Your prime minister, Ehud Olmert, said the other day — he said this. He said, “It is absolutely intolerable for Israel to accept the threat of a nuclear Iran. I prefer not to discuss the Israeli options. Israel has many options.”

But your minister of strategic affairs, Avigdor Lieberman, said this on Thursday.

BLITZER: He said, “We must also be prepared to deal alone with this problem. The dialogue with Iran will be a 100-percent failure, just like it was with North Korea.

PERES: Well, I’m not so sure, you know. I think Iran is a problem for the rest of the world. I wouldn’t recommend that Israel will monopolize it and make it an Iranian-Israeli conflict. It will be a mistake. Israel has enough troubles of her own.

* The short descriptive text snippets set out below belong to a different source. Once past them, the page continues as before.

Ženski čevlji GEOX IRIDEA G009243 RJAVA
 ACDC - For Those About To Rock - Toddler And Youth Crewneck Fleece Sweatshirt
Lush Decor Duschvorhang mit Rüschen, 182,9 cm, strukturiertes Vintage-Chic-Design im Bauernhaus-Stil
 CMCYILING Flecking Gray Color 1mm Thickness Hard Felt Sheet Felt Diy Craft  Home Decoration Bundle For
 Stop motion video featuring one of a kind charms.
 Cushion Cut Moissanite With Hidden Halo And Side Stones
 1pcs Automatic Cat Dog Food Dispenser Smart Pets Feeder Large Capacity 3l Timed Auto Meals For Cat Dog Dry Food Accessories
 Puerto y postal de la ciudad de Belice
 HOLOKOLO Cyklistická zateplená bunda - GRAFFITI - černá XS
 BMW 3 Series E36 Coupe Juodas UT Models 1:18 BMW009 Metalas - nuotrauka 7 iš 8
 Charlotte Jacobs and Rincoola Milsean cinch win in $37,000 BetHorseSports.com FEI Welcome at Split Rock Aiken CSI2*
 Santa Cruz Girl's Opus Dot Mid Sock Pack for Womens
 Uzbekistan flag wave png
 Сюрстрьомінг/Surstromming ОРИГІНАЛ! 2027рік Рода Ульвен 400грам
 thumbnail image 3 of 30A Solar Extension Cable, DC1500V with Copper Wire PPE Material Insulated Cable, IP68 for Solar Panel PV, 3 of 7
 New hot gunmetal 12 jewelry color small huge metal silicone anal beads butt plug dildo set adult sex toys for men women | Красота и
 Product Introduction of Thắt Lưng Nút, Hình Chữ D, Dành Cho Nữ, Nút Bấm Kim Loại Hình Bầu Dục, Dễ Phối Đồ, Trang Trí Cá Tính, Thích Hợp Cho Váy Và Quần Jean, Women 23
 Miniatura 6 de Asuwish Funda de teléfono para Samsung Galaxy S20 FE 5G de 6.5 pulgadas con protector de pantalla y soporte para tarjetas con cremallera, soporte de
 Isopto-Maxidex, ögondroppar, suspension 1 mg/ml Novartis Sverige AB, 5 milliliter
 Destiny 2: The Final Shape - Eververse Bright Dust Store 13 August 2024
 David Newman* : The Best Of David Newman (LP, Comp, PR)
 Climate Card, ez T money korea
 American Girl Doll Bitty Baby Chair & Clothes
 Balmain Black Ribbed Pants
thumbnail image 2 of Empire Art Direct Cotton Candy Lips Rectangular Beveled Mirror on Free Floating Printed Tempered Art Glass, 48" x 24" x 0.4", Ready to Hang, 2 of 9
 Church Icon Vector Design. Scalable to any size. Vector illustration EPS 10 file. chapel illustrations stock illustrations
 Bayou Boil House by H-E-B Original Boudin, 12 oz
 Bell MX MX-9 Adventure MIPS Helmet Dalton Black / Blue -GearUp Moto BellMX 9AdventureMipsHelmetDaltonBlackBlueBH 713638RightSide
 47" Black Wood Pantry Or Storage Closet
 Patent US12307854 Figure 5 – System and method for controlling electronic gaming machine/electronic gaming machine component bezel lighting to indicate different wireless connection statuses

And I cannot see how the world can tolerate an Iranian bomb and, as a consequence, a Middle Eastern nuclear situation. It will go (inaudible) to terroristic organizations. Even the Russians have to think what will happen if a nuclear bomb will arrive, for example, to Chechnya.

So why should we monopolize it? I think it’s a danger.

Now, to talk with Iran, we have had relations with Iran, different Iran. The problem is…

BLITZER: You had relations when the shah was in power.

PERES: The shah, the first king in history that liberalized Israel and was for immigration to Israel was Cyrus, the emperor of Iran, of Persia. He was the best friend Israel had.

BLITZER: That was a long time ago.

PERES: Well, we have time maybe to take a shorter time. The shah wasn’t a long time ago. The problem is not Iran, not the Iranian people. The problem is the ayatollahs. If you can talk with ayatollahs, God bless you.

BLITZER: Let’s talk a little bit about this book by former President Jimmy Carter entitled “Palestine Peace, Not Apartheid.” You worked with Jimmy Carter for a long time. I don’t know if you’ve had a chance to read the book, but it’s caused quite a bit of controversy here in the United States, I assume in Israel as well.

PERES: I’m not surprised by it. Jimmy Carter did a brilliant job in Camp David.

BLITZER: Back in 1978.

PERES: Back in 1978. And without him, I’m not sure if Camp David would take place. Shall never forget it. I think this was the most brilliant achievement of his presidency. He really did a great job.

Now, he knows Israel for apartheid — can a Jewish person be for apartheid? A people that, throughout history, suffered from discrimination, from apartheid of any sort. We shall be for apartheid? Doesn’t he know it?

BLITZER: He says that he’s not saying that there’s apartheid in Israel, but, in effect, in the Israeli-occupied territories, the West Bank. Listen precisely to what he told me, the other day, here on CNN. Listen to this.

(BEGIN VIDEO CLIP)

JIMMY CARTER, FORMER PRESIDENT OF THE UNITED STATES: In the West Bank, in the occupied territories, a horrible example of apartheid is being perpetrated against the Palestinians who live there. Israel has penetrated and occupied, confiscated and colonized major portions of the territory belonging to the Palestinians.

(END VIDEO CLIP)

BLITZER: Strong words from the former president of the United States.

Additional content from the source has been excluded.